I'm currently helping to teach the new Computer Science GCSE that is replacing the ICT qualifications.
I'm also a programmer with 10 years exp in a variety of languages running a UK wide software consultancy doing work in big and small companies on system structure and design </appeal_to_authority>
The course is good, very good in fact. There are a couple of rough edges (notably the software life cycle bit), but overall its excellent. The kids are engaged and excited about making the computer do things they didn't know were even an option for them.
This is a tremendous success story for UK and everyone who pushed for it over the years, including the government, deserves a big pat on the back.
We have adopted python 3, as thats what the other schools in the area are using and resources are available for. The kids are amused by me teaching myself python in front of them, and they learn it all the better.
It will have replaced ICT at the GCSE level totally within another year, and across the region within another couple, as far as I can see, and is being pushed further down in the curriculum.
Just a few years from now, every child coming through school will have been exposed to programming and have seen and used imperative languages, mobile apps, declarative (HTML essentially) and made web pages from the bottom up.
This year 10 GCSE group is learning python and making simple programmes already, and they will each have made a game, with graphics and sound, by the end of the academic year, and understand how and why it works.

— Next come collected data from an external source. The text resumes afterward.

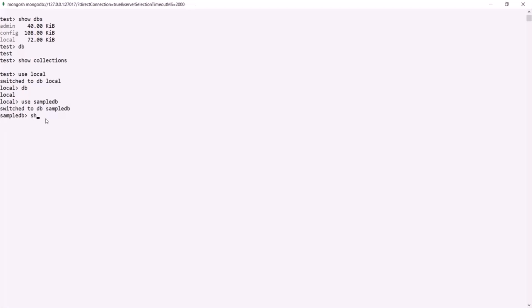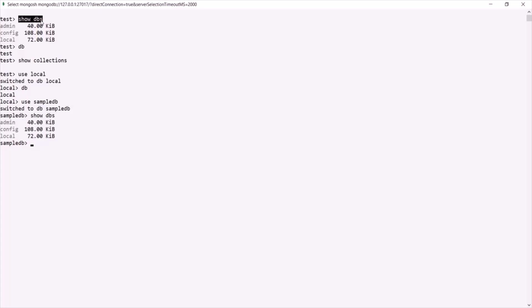If I type 'show dbs' again, you will not see the sampledb in the list. That's because we just created sampledb and it does not have any collections or documents. The 'show dbs' command only shows databases which have at least one collection with at least one document. So to make sampledb appear, we need to add a collection and at least one document to it.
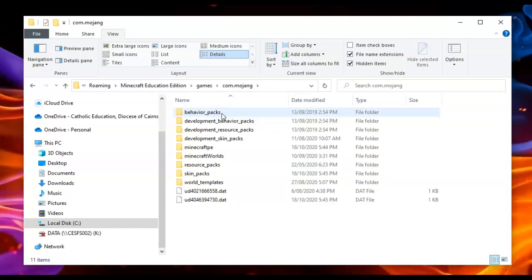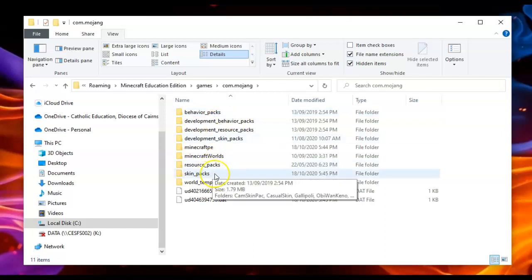We're nearly there. Go into skin packs. Okay, so this is where all of your imported skin packs are stored.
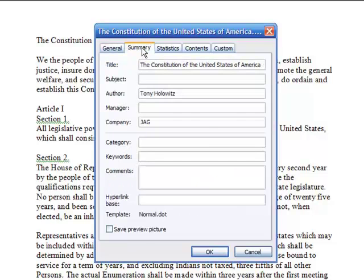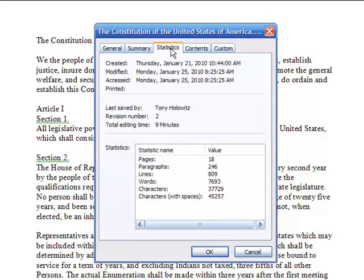If I go to the Summary tab it gives me some general information, but I find the Statistics tab the most interesting of all of this, because it gives very specific information: when it was created, modified, last accessed — and you can see it was created back on the 21st, I accessed it on the 25th, and it shows the revision time and the number of minutes spent editing.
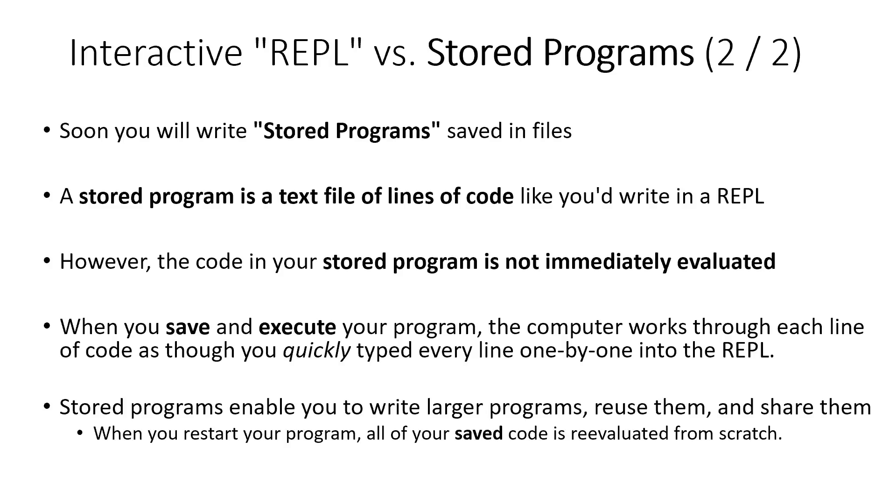So the power of stored programs is that we can start to write larger programs with tens to hundreds to thousands of lines of code. And when we restart our program, the computer just reloads all of it from scratch as if we're starting over. This makes reuse of our code much more easy and the ability for us to transmit our programs and have other people run our programs on their computers or their phones possible.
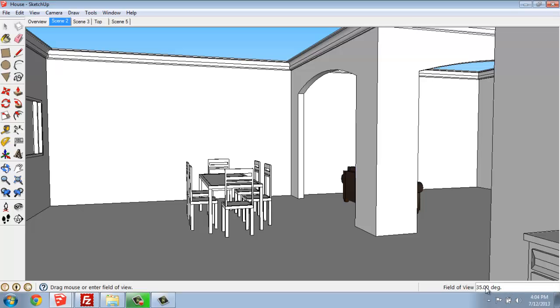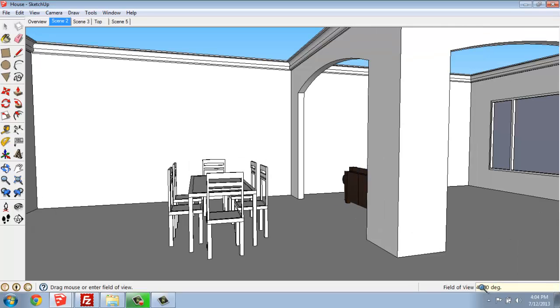But if you do want to tweak that a little bit, I could say maybe 45, for example, hit enter, and you're starting to get a little bit more of that fisheye kind of blown out look. So that can be very effective if you're trying to get into a space or make it seem a little bigger.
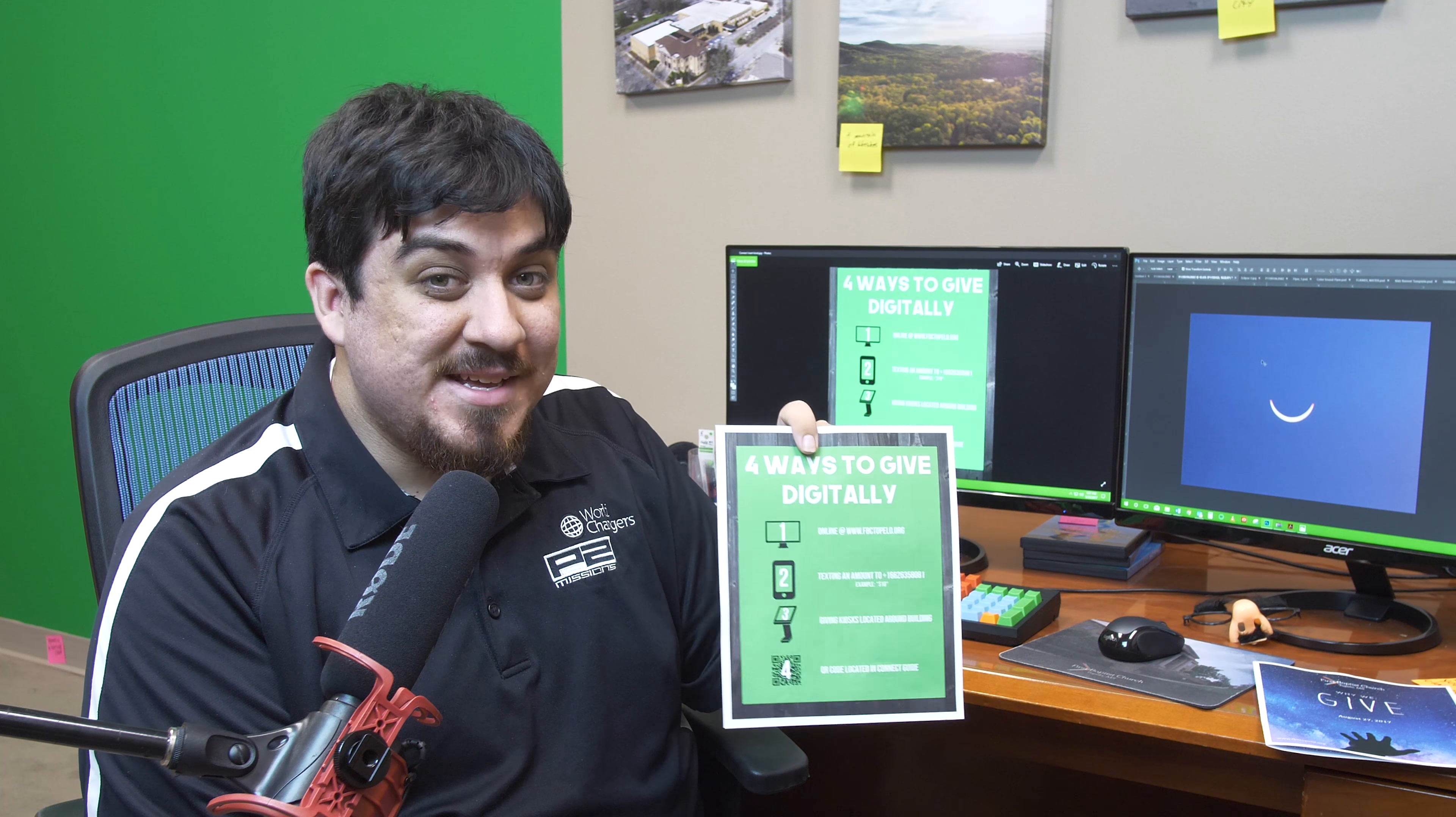I invite you now at this time to go ahead and take out your Connect Guide. If you open it up, you'll see on the inside we have this insert entitled Four Ways to Give Digitally.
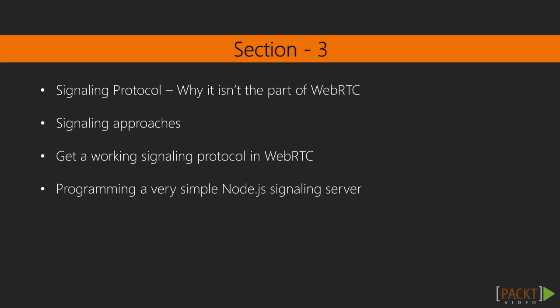In section three, we will discuss the different options we have for signaling to establish WebRTC sessions. We will also discuss why there is no mandatory signaling protocol. We will implement our own very simple signaling server in Node.js to establish the calls. This way, we can use JavaScript for both the client and the server side. All the elements coded in the previous sections will be glued to create a functional WebRTC application.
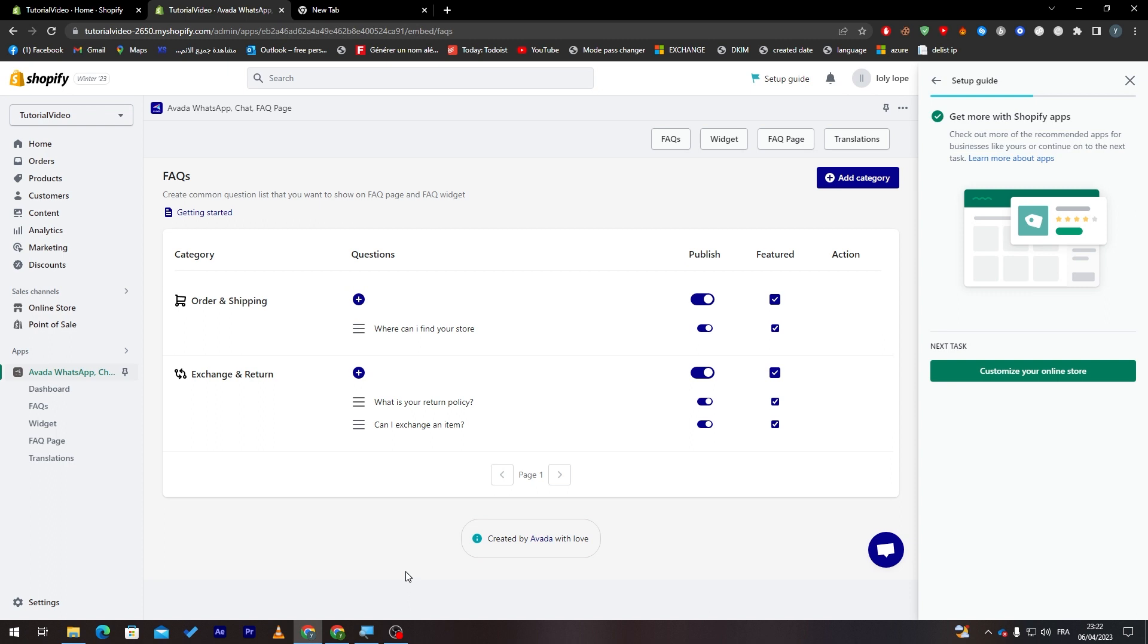So yeah guys, this is basically it. This is how we can set up your FAQ page in Shopify. I hope you like this video. If you had any questions, please make sure to leave them down below in the comment section. I will answer all of your questions and see you guys in the next video.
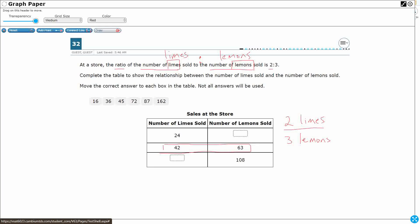...that it should be equal to this 42 limes to 63 lemons. Now the numbers are kind of big. What we're thinking is we need to make an equivalent fraction. So what are we multiplying by? Two times what gets you into 42? If you don't know off the top of your head, you can always divide, but it's going to be 21. Now for this to be an equivalent fraction, the denominator needs to be multiplied by 21 as well. Does three times 21 make 63? Absolutely it does. So that's why it works. It's a ratio that's constant.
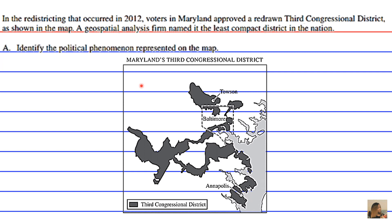The first thing I'll need you to do is identify the political phenomenon represented on the map. The fact that you have these isolated snippets of district instead of one cohesive continuum, like you see here in light gray — what political phenomenon is this? Note that the clear space shown is other land, not a water body.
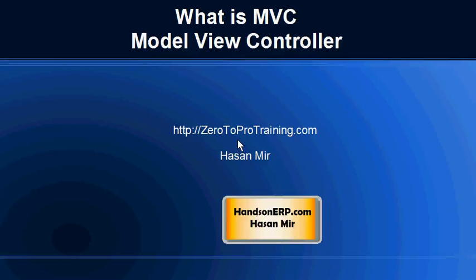Hello, in this session we will talk about what is MVC. This is Hassan Mir from Zero2Protraining.com.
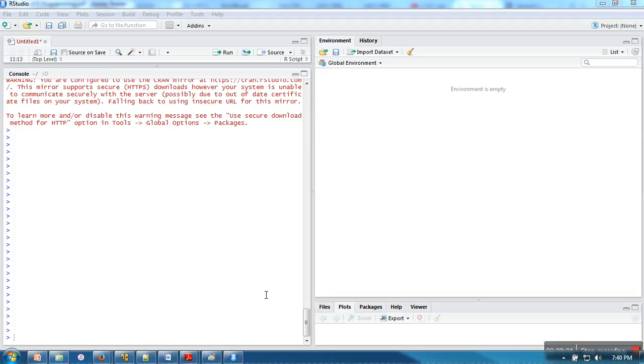Hello everyone, in this video I'm going to show you use of sequence function, repetition function, all and any.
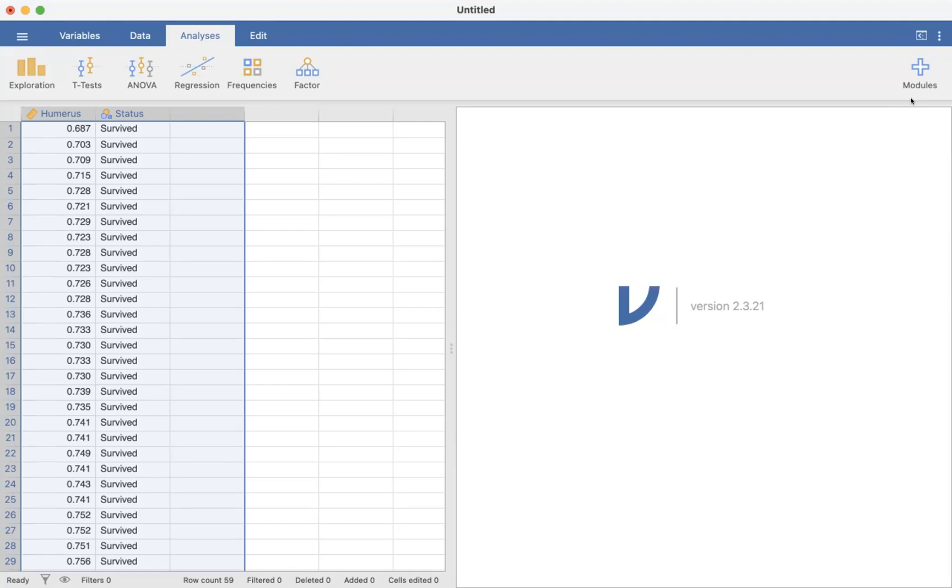We only do an independent t-test when the variable we're comparing is of the ratio or interval level of measurement, that's the length of the humerus, and we have two groups of individuals that are not connected—the ones that survived and the ones that did not survive.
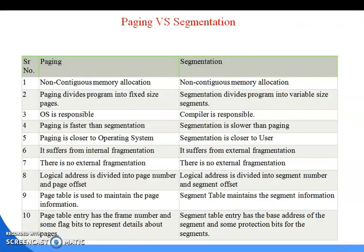The differences between paging and segmentation: Both are non-contiguous memory allocation. Paging divides programs into fixed-size pages, while segmentation divides programs into variable-size segments. In paging, the operating system is responsible; in segmentation, the compiler is responsible. Paging is faster than segmentation, while segmentation is closer to the user. Paging suffers from internal fragmentation; segmentation suffers from external fragmentation. There is no external fragmentation in paging.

Now, you may say, there is a shortage of teachers, however there is not. There is a shortage of skills, certainly, and a big push is in progress to give the needed skills to teachers and provide them with help. Guess why I'm there? I provide the technical assistance until the teacher is confident enough to do things alone.
So, you cynics, get off your arses, stop complaining about ICT, and go and change things. The possibilities are there now --> See http://www.computingatschool.org.uk/
Run by Simon Peyton Jones aka, Mr Haskell (a very very clever chap, and all round nice guy).
Schools need programmers to go and help. (Reg staff, fancy promoting this more?)